Thursday, August 10, 2006


I am a novice gardener. I love to have fresh things growing outside my kitchen door, but when one lives in military housing, one must accept the fact that she can not till the back yard. The logical move is container gardening, so I have lugged large plastic tubs (think toy tubs from Walmart--the ones with fake rope handles) around with me for the last several years. Some years were better than others. After the first year in Texas I gave up entirely. I planted, tended, watered, and attempted to partially shade my precious tomatoes from the harsh Texas sun only to have my bounty enjoyed by squirrels.

Now that we're in our own home with no moves looming on the horizon, I can indulge myself a little more. I planted a couple of tomato plants, some yellow banana peppers, and a couple of squash purloined from Mom. Apparently, these are the Gardening For Dummies plants for this area because they have really taken off this summer.

A couple of weeks ago, in an effort to increase their domestic and fiscal responsibility skills, I delegated garden watering to the kids. I watched to make sure the plants did not die of thirst but didn't pay too much attention until yesterday, when I looked out the window and spied a ripe tomato. I went out to pick it and had to come back inside to get a container to gather into. This, my friends, is what I picked from my little container garden in under ten minutes.

I'm shocked by the size of that zuchini...


Wednesday, August 09, 2006

This could be trouble

I found a site this morning that sells textiles for medieval through 18th century clothing. The fabrics and prints are authentic, which is important when you make costumes. I haven't gone through the whole 18th century section. I dare not. After three pages my heart was palpitating from the combination of caffeine and adrenaline. They are fabulous! Beautiful! It made me grateful that I have my credit card number memorized from years of on-line shopping.

The trouble? Besides $14.00 a yard plus tax and shipping? They're too beautiful. My Rendezvous persona is a common woman. I can get away with a couple of nice garments as long as they're not perfect.

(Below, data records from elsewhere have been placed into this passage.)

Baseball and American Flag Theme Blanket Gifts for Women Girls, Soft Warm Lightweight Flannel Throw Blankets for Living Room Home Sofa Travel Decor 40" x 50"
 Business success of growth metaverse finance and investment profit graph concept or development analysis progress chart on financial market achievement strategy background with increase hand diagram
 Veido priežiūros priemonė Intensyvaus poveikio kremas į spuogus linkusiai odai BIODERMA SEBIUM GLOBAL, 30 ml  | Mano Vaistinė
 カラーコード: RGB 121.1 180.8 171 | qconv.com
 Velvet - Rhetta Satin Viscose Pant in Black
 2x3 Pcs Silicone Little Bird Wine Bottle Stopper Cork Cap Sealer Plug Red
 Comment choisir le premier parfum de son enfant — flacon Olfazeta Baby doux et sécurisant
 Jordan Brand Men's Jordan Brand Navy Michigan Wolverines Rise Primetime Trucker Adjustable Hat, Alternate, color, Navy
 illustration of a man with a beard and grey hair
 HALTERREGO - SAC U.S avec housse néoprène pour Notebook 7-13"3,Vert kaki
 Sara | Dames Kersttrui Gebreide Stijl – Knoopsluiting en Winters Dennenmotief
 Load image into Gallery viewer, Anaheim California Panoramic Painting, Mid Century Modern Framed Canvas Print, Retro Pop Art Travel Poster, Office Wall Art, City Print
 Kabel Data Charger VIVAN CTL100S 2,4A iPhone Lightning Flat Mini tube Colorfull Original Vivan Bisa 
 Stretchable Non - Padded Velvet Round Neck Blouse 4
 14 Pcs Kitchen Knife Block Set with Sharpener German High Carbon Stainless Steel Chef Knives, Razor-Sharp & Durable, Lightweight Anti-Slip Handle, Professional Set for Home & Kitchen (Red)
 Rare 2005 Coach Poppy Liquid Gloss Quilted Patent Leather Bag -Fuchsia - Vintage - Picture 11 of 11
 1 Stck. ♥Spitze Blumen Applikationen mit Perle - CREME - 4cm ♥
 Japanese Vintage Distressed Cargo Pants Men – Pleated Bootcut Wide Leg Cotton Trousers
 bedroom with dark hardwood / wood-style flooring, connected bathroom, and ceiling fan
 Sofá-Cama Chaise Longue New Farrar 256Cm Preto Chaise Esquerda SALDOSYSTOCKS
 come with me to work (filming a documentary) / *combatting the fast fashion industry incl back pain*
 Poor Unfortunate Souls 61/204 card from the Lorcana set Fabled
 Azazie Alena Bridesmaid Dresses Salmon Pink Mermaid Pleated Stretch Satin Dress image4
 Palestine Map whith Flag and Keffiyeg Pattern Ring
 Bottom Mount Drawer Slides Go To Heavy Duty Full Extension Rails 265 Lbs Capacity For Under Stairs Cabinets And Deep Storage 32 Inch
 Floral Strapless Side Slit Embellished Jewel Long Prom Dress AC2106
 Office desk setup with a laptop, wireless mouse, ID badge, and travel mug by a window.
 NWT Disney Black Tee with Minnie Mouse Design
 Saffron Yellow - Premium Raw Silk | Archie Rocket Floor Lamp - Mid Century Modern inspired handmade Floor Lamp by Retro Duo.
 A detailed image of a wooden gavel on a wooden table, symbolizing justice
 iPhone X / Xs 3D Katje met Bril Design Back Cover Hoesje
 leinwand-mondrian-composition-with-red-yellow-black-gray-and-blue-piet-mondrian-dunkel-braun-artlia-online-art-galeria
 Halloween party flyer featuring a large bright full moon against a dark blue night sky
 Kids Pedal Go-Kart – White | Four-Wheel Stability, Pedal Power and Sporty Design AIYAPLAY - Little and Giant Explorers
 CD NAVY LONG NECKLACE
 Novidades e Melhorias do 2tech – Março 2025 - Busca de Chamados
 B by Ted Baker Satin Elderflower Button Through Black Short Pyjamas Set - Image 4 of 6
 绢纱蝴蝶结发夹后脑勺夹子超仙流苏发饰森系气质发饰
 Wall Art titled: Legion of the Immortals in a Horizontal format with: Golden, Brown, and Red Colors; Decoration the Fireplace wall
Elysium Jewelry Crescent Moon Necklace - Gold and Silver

To be truly authentic, there needs to be a little wear at the hem or a loose seam because a common woman could not have afforded this gorgeous fabric; it would have been a hand-me-down from my employer or a well-meaning woman of a higher station. I also have to take into consideration the fact that a woman of a higher station would not be at a Rendezvous. The modern concept comes from what were were called, in the 18th century, squirrel hunts. Fur traders gathered when they could to trade goods and news with each other. Traditionally, the women present were either Native, wives, whores, or some combination there-of. (If you have access to the DVD series "Into The West" there is a part of, I think, the second episode that takes place at a squirrel hunt.) We make exceptions at the Rendezvous because we get a lot of school kids and families who visit.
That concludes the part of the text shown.